Server Configuration

ModelExpress uses a layered configuration system. Sources are applied in order of precedence:

Command line arguments (highest priority)
Environment variables (MODEL_EXPRESS_* prefix)
Configuration file (YAML)
Default values (lowest priority)

Generating a Configuration File

cargo run --bin config_gen -- --output model-express.yaml

The generated file contains all options with their defaults:

server:
  host: "0.0.0.0"
  port: 8001

database:
  path: "./models.db"

cache:
  directory: "./cache"
  max_size_bytes: null
  eviction:
    enabled: true
    policy:
      type: lru
      unused_threshold: "7d"
      max_models: null
      min_free_space_bytes: null
    check_interval: "1h"

logging:
  level: info
  format: pretty
  file: null
  structured: false

Starting the Server

# With defaults
cargo run --bin modelexpress-server

# With a configuration file
cargo run --bin modelexpress-server -- --config model-express.yaml

# With CLI overrides
cargo run --bin modelexpress-server -- --port 8080 --log-level debug

# Validate config without starting
cargo run --bin modelexpress-server -- --config model-express.yaml --validate-config

Configuration Options

Server Settings

Option	CLI Flag	Env Var	Default	Description
host	`--host`	`MODEL_EXPRESS_SERVER_HOST`	`0.0.0.0`	Bind address
port	`--port`, `-p`	`MODEL_EXPRESS_SERVER_PORT`	`8001`	gRPC port

Database Settings

Option	CLI Flag	Env Var	Default	Description
path	`--database-path`, `-d`	`MODEL_EXPRESS_DATABASE_PATH`	`./models.db`	SQLite file path

In multi-node Kubernetes deployments, the database should be on a shared persistent volume.

Cache Settings

Option	CLI Flag	Env Var	Default	Description
directory	`--cache-directory`	`MODEL_EXPRESS_CACHE_DIRECTORY`	`./cache`	Model cache directory
max_size_bytes	-	-	null (unlimited)	Max cache size in bytes
eviction.enabled	`--cache-eviction-enabled`	`MODEL_EXPRESS_CACHE_EVICTION_ENABLED`	`true`	Enable LRU eviction

Eviction policy settings (in config file only):

eviction.policy.unused_threshold - Evict models unused for this duration (default: 7 days)
eviction.policy.max_models - Max models to keep (default: unlimited)
eviction.check_interval - How often to check for eviction (default: 1 hour)

Logging Settings

Option	CLI Flag	Env Var	Default	Description
level	`--log-level`, `-l`	`MODEL_EXPRESS_LOG_LEVEL`	`info`	trace, debug, info, warn, error
format	`--log-format`	`MODEL_EXPRESS_LOG_FORMAT`	`pretty`	json, pretty, compact
file	-	-	null (stdout)	Log file path
structured	-	-	`false`	Structured logging

Environment Variable Examples

export MODEL_EXPRESS_SERVER_HOST="127.0.0.1"
export MODEL_EXPRESS_SERVER_PORT=8080
export MODEL_EXPRESS_DATABASE_PATH="/data/models.db"
export MODEL_EXPRESS_CACHE_DIRECTORY="/data/cache"
export MODEL_EXPRESS_CACHE_EVICTION_ENABLED=true
export MODEL_EXPRESS_LOG_LEVEL=debug
export MODEL_EXPRESS_LOG_FORMAT=json

Client Configuration

The CLI client also uses layered configuration: CLI args > env vars > config file > defaults.

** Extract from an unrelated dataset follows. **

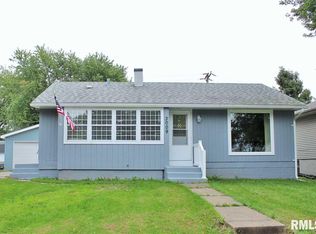 3009 3rd St W, Milan, IL 61264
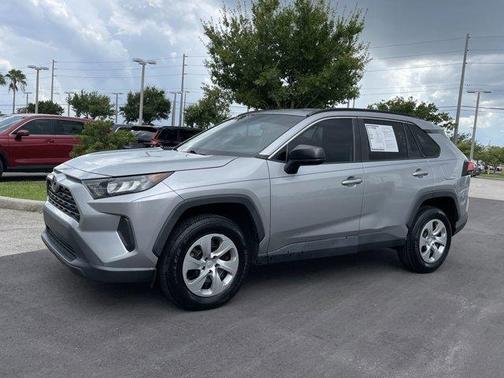 2021 Toyota RAV4 LE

Env Var	Default	Description
`MODEL_EXPRESS_ENDPOINT`	`http://localhost:8001`	Server endpoint
`MODEL_EXPRESS_TIMEOUT`	`30`	Request timeout (seconds)
`MODEL_EXPRESS_CACHE_DIRECTORY`	(auto)	Cache path override
`MODEL_EXPRESS_MAX_RETRIES`	(none)	Max retry attempts
`MODEL_EXPRESS_NO_SHARED_STORAGE`	`false`	Use gRPC streaming instead of shared storage
`MODEL_EXPRESS_TRANSFER_CHUNK_SIZE`	`32768`	Transfer chunk size (bytes)

Cache directory resolution for HuggingFace: MODEL_EXPRESS_CACHE_DIRECTORY -> HF_HUB_CACHE -> ~/.cache/huggingface/hub.

Cache directory resolution for NGC: MODEL_EXPRESS_CACHE_DIRECTORY -> ~/.cache/ngc.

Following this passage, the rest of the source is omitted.